I installed ddos deflate,and it worked fine half hour until suddenly port 80 stopped to work.These lead to disaster where i accidentally screwed network on server,but after 2.5 hours of downtime i managed to restore things properly.Now i turned off iptables,and plan to install csf(config system firewall as webmin plugin).I readed somewhere here how csf can also be configured to block ip's with defined number of max connections,so technically it doing same job as dos deflate?Also someone said how that cant help if its hard ddos attack,how csf file will be overloaded with toomuch ip addressees.But i don't realty except to block hard ddos attacks,i think it will do job against low and medium ddos attacks if server have strong network port/hardware and software optimization.And primarily what is most important,to block bots.
Ok next question:how to define to which mail send alerts?Right now it sends to root mail adress.
And how to whitelist ip's,i mean i have another server which connect to this server(serves as image hotlink)so that generate a lot of connections.
I think you need to add your ip address to the csf.allow and csfmignore files.
I am not in from of a computer at the moment so that is off the top of my head.
If you have the webmin module for csf do it in there.
Yes i noticed those two files in csf directory,in first one says how that is whitelist for csf and other for ldf,so to make it work completely both files need to be edited.
I noticed csf support dyndns.Right now i using host.allow in etc to allow only my ip to access ssh,but i need to edit it every 24 hours since my ip is dynamic.Would be possible to set that with csf to update automatically host allow with my ip or to recognize dyndns subdomain as my ip adress?
Not sure about that one sorry.
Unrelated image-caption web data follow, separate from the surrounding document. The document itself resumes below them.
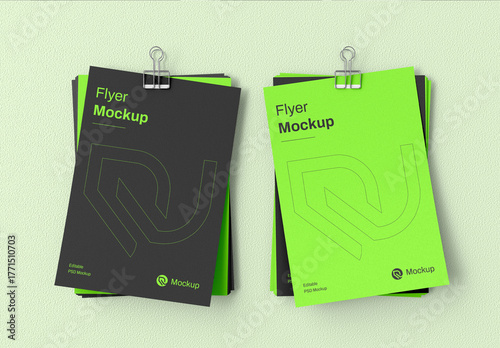 Flyer Mockup Set on Clip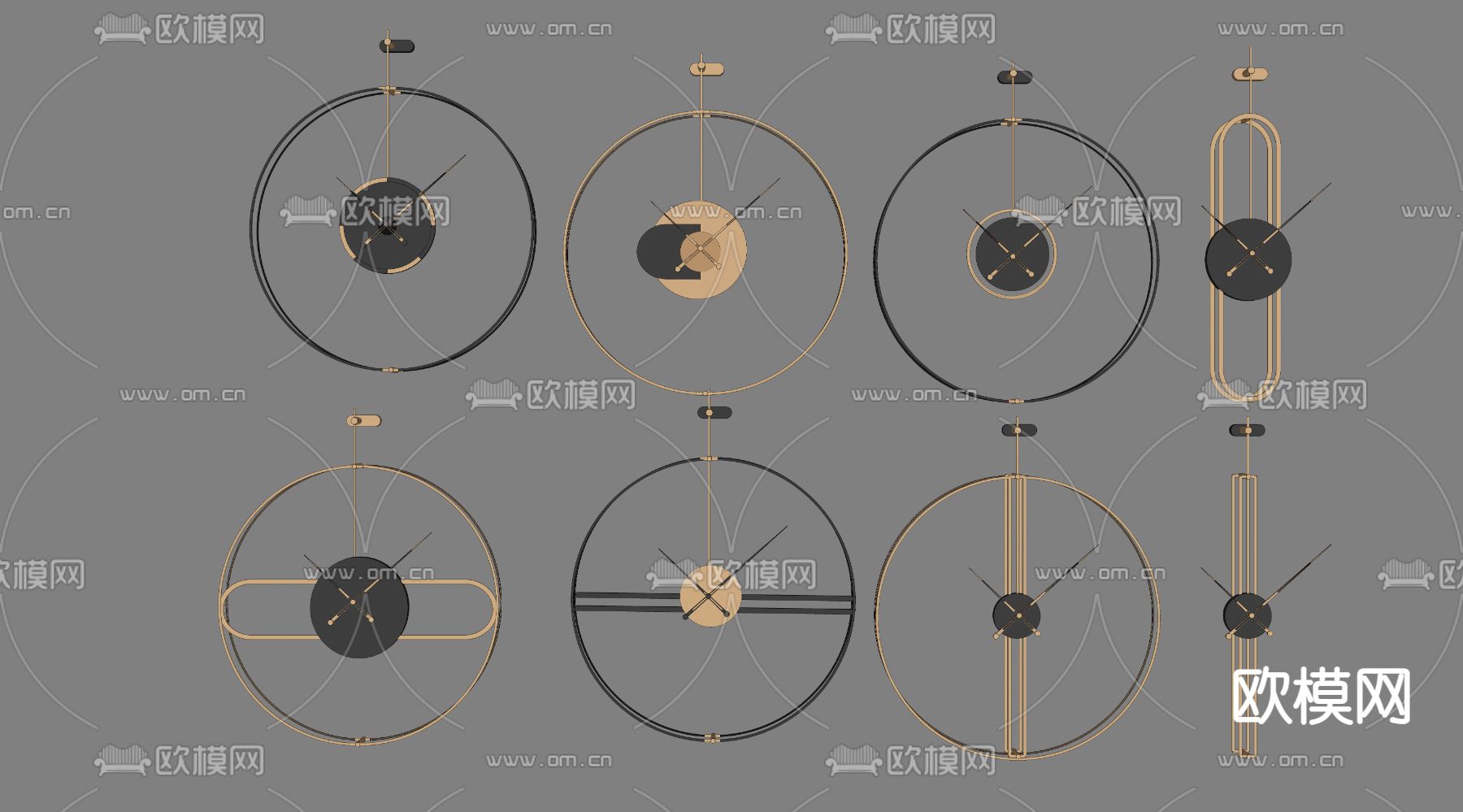 现代金属墙饰钟表su模型下载（渲染图2）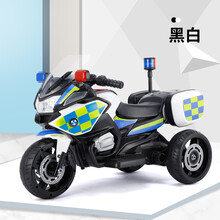 儿童电动摩托车宝宝三轮车男孩女小孩玩具车可坐人充电电瓶车 蓝白双驱大电音乐灯光
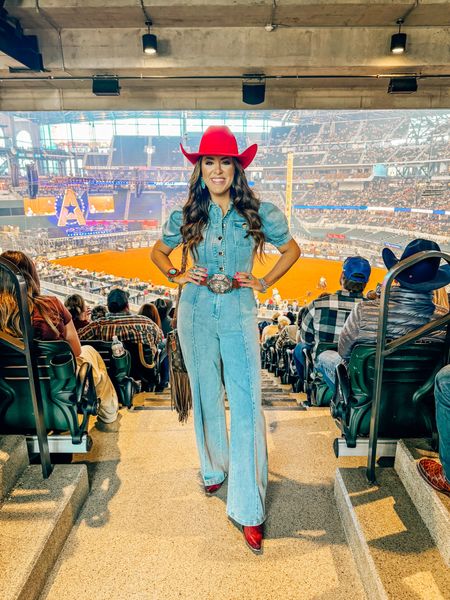 Denim jumper - denim jumpsuit - cowboy hat - cowgirl hat - cowgirl
Boots - cowboy boots - belt - western - rodeo fashion - rodeo - Nashville - country  

#LTKFestival #LTKstyletip #LTKfindsunder50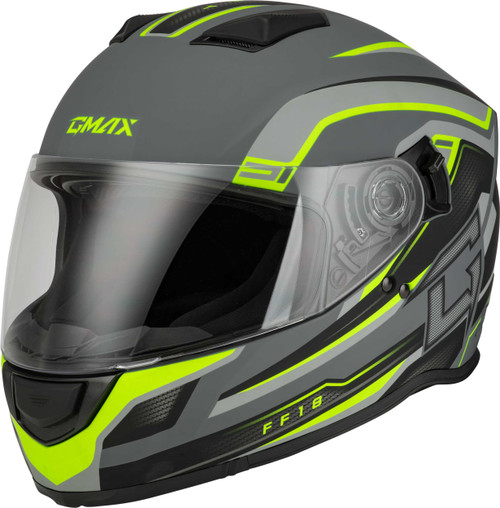 GMAX Ff-18 Drift Helmet Matte Grey/Hi-Viz Sm F1181334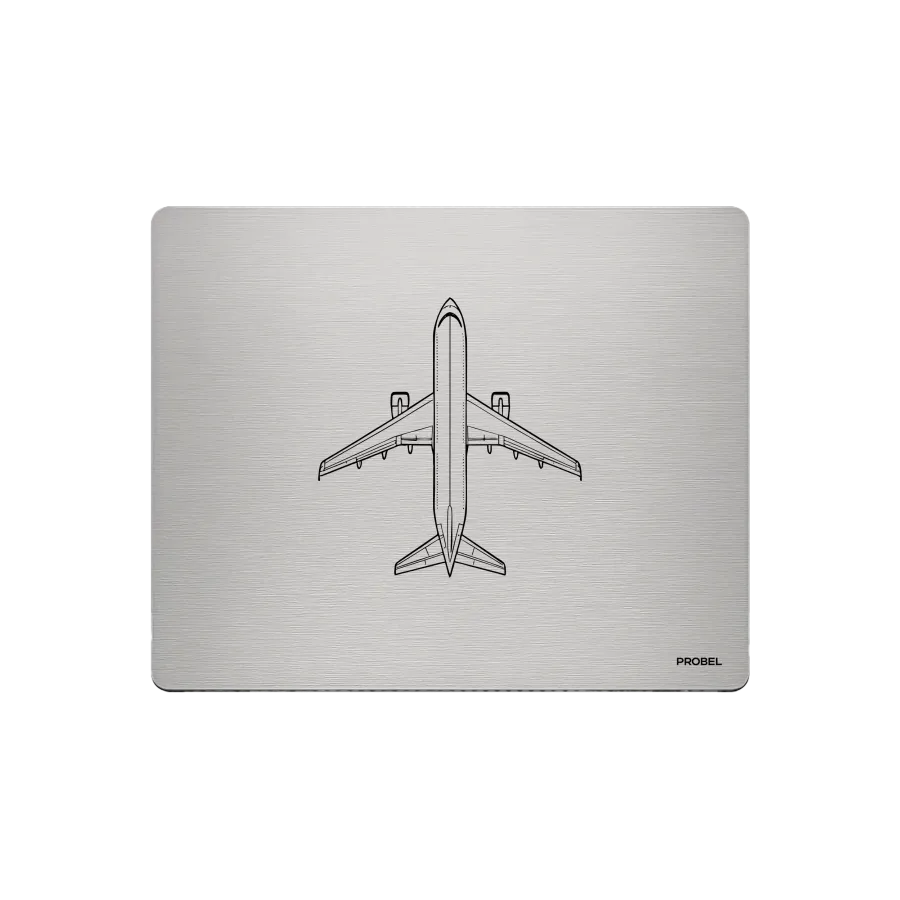 Aluminium-Mousepad – Lasergravur „Aircraft Top View“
Maybe someone else will have the answer..
Well i think i can resolve this other way.
I started csf with test settings,and after starting it second time,i was not able to access webmin anymore.Any idea why?I mean that is strange since its only testing mode which should'nt block access to anything.Lucky i was able to shutdown firewall over ssh.
And during test time i got warning messages about some system components like:
haldaemon , rpc ,powerdns,mysql and two my scripts.First what i noticed,when my script was running under root there was no that warning,and when i switched it to user it showed.So those messages reports about excessive usage and suspicious usage.Since all those processes are legal,how do i add them to white list to prevent firewall to kill that processes?